## WHAT IS REQUIRED
Please repeat the listing below in its entirety, exactly.

____ EXTRACTED RECORDS

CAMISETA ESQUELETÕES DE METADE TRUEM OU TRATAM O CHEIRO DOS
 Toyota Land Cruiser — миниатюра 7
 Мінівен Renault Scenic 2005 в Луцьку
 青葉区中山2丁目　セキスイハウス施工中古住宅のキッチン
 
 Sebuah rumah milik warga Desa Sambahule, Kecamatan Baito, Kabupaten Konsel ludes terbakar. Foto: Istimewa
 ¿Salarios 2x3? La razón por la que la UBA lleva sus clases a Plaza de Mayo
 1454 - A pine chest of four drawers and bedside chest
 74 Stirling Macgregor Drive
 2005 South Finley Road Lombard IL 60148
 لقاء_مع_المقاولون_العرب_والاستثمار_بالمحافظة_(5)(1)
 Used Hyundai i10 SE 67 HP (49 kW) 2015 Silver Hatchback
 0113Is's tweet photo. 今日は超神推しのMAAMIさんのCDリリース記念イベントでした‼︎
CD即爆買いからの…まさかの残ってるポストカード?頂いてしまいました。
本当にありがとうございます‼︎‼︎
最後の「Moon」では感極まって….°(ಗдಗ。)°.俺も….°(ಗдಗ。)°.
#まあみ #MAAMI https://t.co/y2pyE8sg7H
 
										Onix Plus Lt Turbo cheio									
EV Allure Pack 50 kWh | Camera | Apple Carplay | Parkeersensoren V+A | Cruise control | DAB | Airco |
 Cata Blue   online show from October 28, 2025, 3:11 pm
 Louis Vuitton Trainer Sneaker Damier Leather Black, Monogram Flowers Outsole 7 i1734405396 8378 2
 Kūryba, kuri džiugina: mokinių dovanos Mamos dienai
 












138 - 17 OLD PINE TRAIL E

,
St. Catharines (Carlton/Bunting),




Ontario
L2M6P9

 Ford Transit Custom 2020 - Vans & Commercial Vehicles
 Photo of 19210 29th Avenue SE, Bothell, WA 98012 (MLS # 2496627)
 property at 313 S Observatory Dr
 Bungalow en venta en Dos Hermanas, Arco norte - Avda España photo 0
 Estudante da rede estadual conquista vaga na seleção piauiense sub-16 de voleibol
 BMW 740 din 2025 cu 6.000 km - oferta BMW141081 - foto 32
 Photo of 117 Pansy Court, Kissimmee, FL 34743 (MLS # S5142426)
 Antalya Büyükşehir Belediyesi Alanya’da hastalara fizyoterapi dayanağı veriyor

________

## TASK ANSWER
CAMISETA ESQUELETÕES DE METADE TRUEM OU TRATAM O CHEIRO DOS
 Toyota Land Cruiser — миниатюра 7
 Мінівен Renault Scenic 2005 в Луцьку
 青葉区中山2丁目　セキスイハウス施工中古住宅のキッチン
 
 Sebuah rumah milik warga Desa Sambahule, Kecamatan Baito, Kabupaten Konsel ludes terbakar. Foto: Istimewa
 ¿Salarios 2x3? La razón por la que la UBA lleva sus clases a Plaza de Mayo
 1454 - A pine chest of four drawers and bedside chest
 74 Stirling Macgregor Drive
 2005 South Finley Road Lombard IL 60148
 لقاء_مع_المقاولون_العرب_والاستثمار_بالمحافظة_(5)(1)
 Used Hyundai i10 SE 67 HP (49 kW) 2015 Silver Hatchback
 0113Is's tweet photo. 今日は超神推しのMAAMIさんのCDリリース記念イベントでした‼︎
CD即爆買いからの…まさかの残ってるポストカード?頂いてしまいました。
本当にありがとうございます‼︎‼︎
最後の「Moon」では感極まって….°(ಗдಗ。)°.俺も….°(ಗдಗ。)°.
#まあみ #MAAMI https://t.co/y2pyE8sg7H
 
										Onix Plus Lt Turbo cheio									
EV Allure Pack 50 kWh | Camera | Apple Carplay | Parkeersensoren V+A | Cruise control | DAB | Airco |
 Cata Blue   online show from October 28, 2025, 3:11 pm
 Louis Vuitton Trainer Sneaker Damier Leather Black, Monogram Flowers Outsole 7 i1734405396 8378 2
 Kūryba, kuri džiugina: mokinių dovanos Mamos dienai
 












138 - 17 OLD PINE TRAIL E

,
St. Catharines (Carlton/Bunting),




Ontario
L2M6P9

 Ford Transit Custom 2020 - Vans & Commercial Vehicles
 Photo of 19210 29th Avenue SE, Bothell, WA 98012 (MLS # 2496627)
 property at 313 S Observatory Dr
 Bungalow en venta en Dos Hermanas, Arco norte - Avda España photo 0
 Estudante da rede estadual conquista vaga na seleção piauiense sub-16 de voleibol
 BMW 740 din 2025 cu 6.000 km - oferta BMW141081 - foto 32
 Photo of 117 Pansy Court, Kissimmee, FL 34743 (MLS # S5142426)
 Antalya Büyükşehir Belediyesi Alanya’da hastalara fizyoterapi dayanağı veriyor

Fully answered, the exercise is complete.